Kedua daerah yang menjadi proyek panas bumi ini kelak merupakan daerah penghasil Energy Listrik terbesar. Pembangkit Listrik Tenaga Panas Bumi (PLTP) yang ada menjadi tangguh dikarenakan adanya hutan kawasan yang terjaga baik, terhindar dari perambahan. Merupakan energy baru dan terbarukan, serta akrab lingkungan karena uap yang dihasilkan merupakan proses pemanasan air oleh magma didalam perut bumi. Dan sejak Agustus 2019 PT PGE telah membuktikan kiprahnya dengan memproduksi listrik tahap 1 sebesar 55 MW, akan disusul PT SERD tahun 2021 insyaAllah dengan produksi listrik tahap awal 92 MW yang tentu saja nantinya akan terus berlanjut dengan tahap-tahap produksi berikutnya.
Itulah pesan penting yang disampaikan berulang-ulang oleh Bupati Muara Enim sejak Kalamudin Jinab (alm), diteruskan Muzakir Sai Sohar hingga Plt. Bupati H.Juarsah : agar warga masyarakat membantu dan jangan mengganggu kelancaran proyek panas bumi ini. Karena beliau tahu persis bahwa Proyek Vital Nasional (provitnas) seperti panas bumi ini harus didukung sepenuhnya dan telah menjadi keharusan bagi segenap stakeholder memberikan jaminan agar kegiatan proyek berjalan baik dan lancar.
Terlebih lagi kewajiban ini tertuang didalam Kepres No.63 tahun 2004 tentang Pengamanan Objek Vital Nasional yang bertitik berat kepada pencegahan potensi gangguannya.
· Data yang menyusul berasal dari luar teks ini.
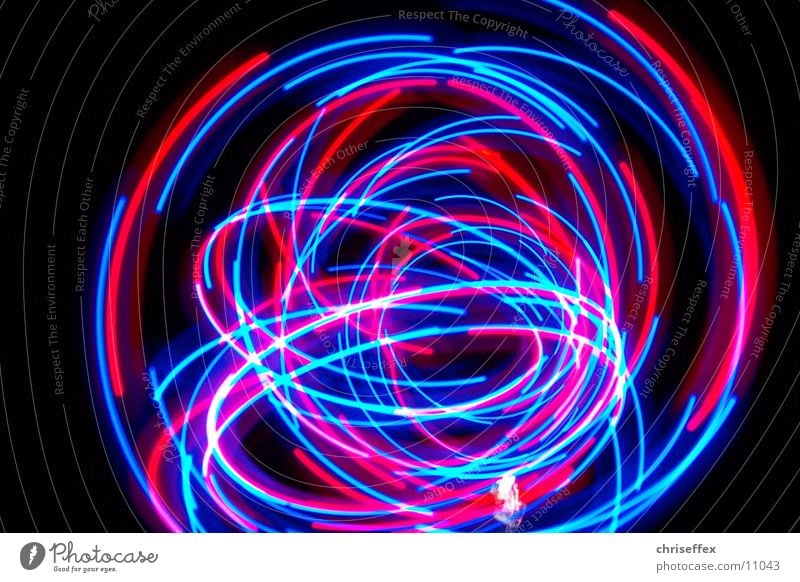 blink'a'round Licht Leuchtspur rot Langzeitbelichtung Schwanz Fototechnik blau dynamic Bewegung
Karena adanya proyek investasi semacam PLTP ini tentu penyerapan tenaga kerja lokal cukup banyak. Terutama SDM yang ada di desa-desa kecamatan terdekat SDU, Kota Agung dan Dempo Selatan dalam kurun waktu 2018 – 2020 saja lebih dari 800 orang bekerja di proyek.
Kemajuan ekonomi masyarakat desa/kecamatan bertambah dan lebih terlihat nyata dengan meningkatnya perputaran uang dari sumber penghasil pekerja, sewa rumah, kegiatan kuliner warga, konpensasi kebun dan berbagai aspek ekonomi lainnya ikut bertambah dan berputar (added value).
Untuk kegiatan Panas Bumi itu telah ada UU yang menaunginya yakni UU No.27 tahun 2003 yang diperkuat lagi dengan UU No.21 tahun 2014 bahwa, gangguan dan rintangan terhadap kegiatan proyek Panas Bumi (produksi tidak langsung seperti PLTP) yang dilakukan oleh seseorang atau sekelompok orang dapat dikenakan sanksi pidana 7 tahun kurungan dan pidana denda 70 M (pasal 74).
Sebaliknya, jika proyek panas bumi ini berjalan baik dan lancar sehingga berhasil memproduksi listrik yang diharapkan maka sesuai UU tersebut diatas menjamin income daerah (selain pajak) akan memperoleh pula Penghasilan Negara Bukan Pajak (PNBP) yang akan dibagikan kepada Pemerintah Pusat 20%, Pemda Provinsi 16 %, Kabupaten/Kota penghasil 32% dan sisanya 32% untuk Kabupaten/Kota tetangga (pasal 30).
Dengan demikian, tentu pesan-pesan Bupati yang selalu disampaikan berulang-ulang disetiap kesempatan semata-mata ingin mewujudkan pembangunandaerah bagi kesejahteraan masyarakatnya. Ayo bantu, jangan ganggu !!. Kalau tidak kita siapa lagi, kalau tidak sekarang kapan lagi.